When we design the app, we probably want to respond to events dynamically. For example, to touch a screen that has many different objects, you decide which object to give a response to, and how the object receives the event.
When a user generates an event (such as a click), Uikit produces an object that contains information about the object to be processed. The event object is then placed in the active app's (a Application object, which initializes the user event route, from the global management of a running application) event queue. For touch events, this object is a set of touches, packaged and placed on a Uievent object. For motion events, event objects vary depending on the frame you use and the type of motion event you are interested in.
An event object is passed along an explicit path until an object can handle it. First, the Singleton UIApplication object takes an event from the top of the queue and distributes the processing.
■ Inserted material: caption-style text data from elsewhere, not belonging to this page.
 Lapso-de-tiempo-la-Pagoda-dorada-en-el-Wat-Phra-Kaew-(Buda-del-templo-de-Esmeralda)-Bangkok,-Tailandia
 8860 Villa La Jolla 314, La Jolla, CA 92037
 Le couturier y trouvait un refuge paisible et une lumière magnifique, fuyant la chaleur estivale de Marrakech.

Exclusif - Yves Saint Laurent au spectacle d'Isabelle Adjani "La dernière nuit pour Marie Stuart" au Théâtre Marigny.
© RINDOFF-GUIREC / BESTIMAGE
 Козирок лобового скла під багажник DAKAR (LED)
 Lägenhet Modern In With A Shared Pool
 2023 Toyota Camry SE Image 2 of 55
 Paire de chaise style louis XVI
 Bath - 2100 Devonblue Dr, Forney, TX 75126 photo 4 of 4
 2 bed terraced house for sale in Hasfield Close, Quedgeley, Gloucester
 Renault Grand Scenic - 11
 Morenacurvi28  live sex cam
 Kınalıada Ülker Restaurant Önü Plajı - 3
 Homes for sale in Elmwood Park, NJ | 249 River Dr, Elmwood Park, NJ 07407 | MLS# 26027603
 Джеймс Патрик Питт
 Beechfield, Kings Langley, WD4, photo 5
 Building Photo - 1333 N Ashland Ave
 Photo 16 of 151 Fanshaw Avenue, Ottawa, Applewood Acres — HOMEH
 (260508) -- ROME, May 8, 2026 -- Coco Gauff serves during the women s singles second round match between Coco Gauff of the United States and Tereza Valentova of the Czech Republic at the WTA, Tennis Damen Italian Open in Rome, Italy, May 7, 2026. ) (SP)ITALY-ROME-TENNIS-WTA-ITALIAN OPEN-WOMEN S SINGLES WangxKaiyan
In general, the UIApplication object sends events to the application's key window object, and the key window object is passed to a initial object for processing. This initial object depends on the type of event.
- Touch events. For touch events, the Window object first attempts to send an event to the view (Hit-test view) where the event occurred. The process of finding hit-test view is called hit-testing (we'll talk about it in the back).
- Motioin and remote control enents. Such events, window shrimp ing send shaking-motion or remote control event to the first responder processing.
The ultimate goal of event paths is to find an object to handle the response to an event. Therefore, Uikit first sends this event to the object that is most appropriate to handle this time. For touch events, this object is Hit-test view; for other events, this object is the first responder. The following sections describe more details about determining the hit-test view and the first responder.
Hit-testing Returns The View Where A touch occurred (Hit-test return touch occurs View). Some places translation feel very awkward, in order to avoid misleading (really people see it?) ), pasted on the original.
IOS use hit-testing fo find the view this is under a touch. Hit-testing involves checking whether a touch is within the bounds fo any relevant (more emphasis directly related) view objects. If It is, it recursively checks all of the that view ' s subviews. The lowest view in the view hierarchy that contains, the touch point becomes the hit-test view. After IOS determines the hit-test view, it passes the "touch event to the" View for handling.
For example, assuming that the user is touching in view E, iOS looks for hit-test view by checking subviews in the following order:
- Touch the bounds within view a, so check subview B and C;
- Touch is not within view B's bounds, but within view C's bounds, so check subview D and E;
- Touch is not within the bounds of view D, but within the bounds of view E.
View E is the lowest view of the view hierarchy that contains the touch, so it becomes the hit-test view.
hittest:withevent: method returns a Hit-test view of Cgpoint and uievent. hittest:withevent: The method begins execution by calling Pointinside:withevent through the view itself : method. If the incoming pointinside:withevent: point is within the bounds of the view,pointinside:withevent: returns YES. Then, on each subview of this view, the hittest:witheventis raised:.
Incoming hittest:withevent: The point is not in the view of the bounds is not the case.
Note: A touch event is associated with its hit-test view throughout its life cycle, even though a touch moves out of the view later.
Hit-test view was given the opportunity to handle touch events for the first time. If Hit-test view cannot handle this event, the event will go down the responder chain of the view until it finds an object that can handle the event.
The Responder Chain is made up of Responder Objects (the responder chain consists of responders-. -)
Many types of events have responded to chain-passing events since. The responder chain is a series of connected responder objects. Starting with the first responder, the closing Application object. If the first responder cannot handle an event, it is forwarded to the next responder in the responder chain.
A Responder Object is an object which can respond to and handle events. The Uiresponder class is the base class for all responder objects, and it defines the programmatic interface no T only for the event handling but also for common responder behavior. Instances of the, UIView
, and classes are responders, which means UIViewController
UIApplication
Most key controller objects is responders. Note that Core Animation layers is not responders.
The first responder is specified to accept the event first. Typically, the first responder is a view object. An object can become the first responder by doing the following two things:
- Override the Canbecomefirstresponder method and return yes;
- Accept a becomefirstresponder message. If necessary, an object can send itself this message.
The object that relies on the responder chain is more than the event object. The responder chain can be used in the following places:
- Touch events.
- Motion events.
- Remote control events.
- Action messages.
- Editing-menu messages.
- Text editing.
Uikit automatically sets the text field or text view that the user clicked to become the first responder; apps must explicitly set all the other first responders, using the becomefirstresponder method.